» Instructions to follow:
Whatever follows the line containing "Vad är Relfydess Botox" in the listing below should be printed exactly, along with that line itself.

» Given data:

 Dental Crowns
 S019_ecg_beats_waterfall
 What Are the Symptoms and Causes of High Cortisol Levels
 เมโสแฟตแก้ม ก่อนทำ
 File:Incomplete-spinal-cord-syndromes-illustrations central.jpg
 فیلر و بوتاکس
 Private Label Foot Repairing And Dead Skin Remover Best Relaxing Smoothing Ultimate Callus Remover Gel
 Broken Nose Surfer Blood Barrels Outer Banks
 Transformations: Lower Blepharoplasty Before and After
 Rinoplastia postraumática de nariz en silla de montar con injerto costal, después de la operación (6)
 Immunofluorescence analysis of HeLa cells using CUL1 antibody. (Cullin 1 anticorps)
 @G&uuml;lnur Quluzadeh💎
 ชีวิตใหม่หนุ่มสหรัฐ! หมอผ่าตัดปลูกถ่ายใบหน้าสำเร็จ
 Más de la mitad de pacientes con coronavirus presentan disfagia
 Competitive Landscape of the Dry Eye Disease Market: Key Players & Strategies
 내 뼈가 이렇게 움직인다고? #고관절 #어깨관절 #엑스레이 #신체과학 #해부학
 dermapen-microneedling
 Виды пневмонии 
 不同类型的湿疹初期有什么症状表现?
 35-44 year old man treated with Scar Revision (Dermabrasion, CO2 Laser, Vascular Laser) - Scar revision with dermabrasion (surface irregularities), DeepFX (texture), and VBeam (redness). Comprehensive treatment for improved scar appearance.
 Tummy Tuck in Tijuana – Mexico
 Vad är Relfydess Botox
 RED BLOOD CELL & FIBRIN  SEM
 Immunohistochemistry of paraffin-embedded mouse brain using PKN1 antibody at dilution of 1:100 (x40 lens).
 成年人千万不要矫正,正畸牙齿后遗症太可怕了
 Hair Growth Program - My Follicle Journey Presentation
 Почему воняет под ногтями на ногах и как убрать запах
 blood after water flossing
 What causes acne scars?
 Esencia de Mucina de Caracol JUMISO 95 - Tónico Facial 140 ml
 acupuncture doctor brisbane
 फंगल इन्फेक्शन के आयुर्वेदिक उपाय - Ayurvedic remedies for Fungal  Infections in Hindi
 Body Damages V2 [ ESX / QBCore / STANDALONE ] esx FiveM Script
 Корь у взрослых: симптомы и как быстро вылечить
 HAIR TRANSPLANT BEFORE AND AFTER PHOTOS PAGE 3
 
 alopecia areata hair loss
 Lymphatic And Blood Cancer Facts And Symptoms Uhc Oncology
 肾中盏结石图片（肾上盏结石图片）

» Exercise result:
 Vad är Relfydess Botox
 RED BLOOD CELL & FIBRIN  SEM
 Immunohistochemistry of paraffin-embedded mouse brain using PKN1 antibody at dilution of 1:100 (x40 lens).
 成年人千万不要矫正,正畸牙齿后遗症太可怕了
 Hair Growth Program - My Follicle Journey Presentation
 Почему воняет под ногтями на ногах и как убрать запах
 blood after water flossing
 What causes acne scars?
 Esencia de Mucina de Caracol JUMISO 95 - Tónico Facial 140 ml
 acupuncture doctor brisbane
 फंगल इन्फेक्शन के आयुर्वेदिक उपाय - Ayurvedic remedies for Fungal  Infections in Hindi
 Body Damages V2 [ ESX / QBCore / STANDALONE ] esx FiveM Script
 Корь у взрослых: симптомы и как быстро вылечить
 HAIR TRANSPLANT BEFORE AND AFTER PHOTOS PAGE 3
 
 alopecia areata hair loss
 Lymphatic And Blood Cancer Facts And Symptoms Uhc Oncology
 肾中盏结石图片（肾上盏结石图片）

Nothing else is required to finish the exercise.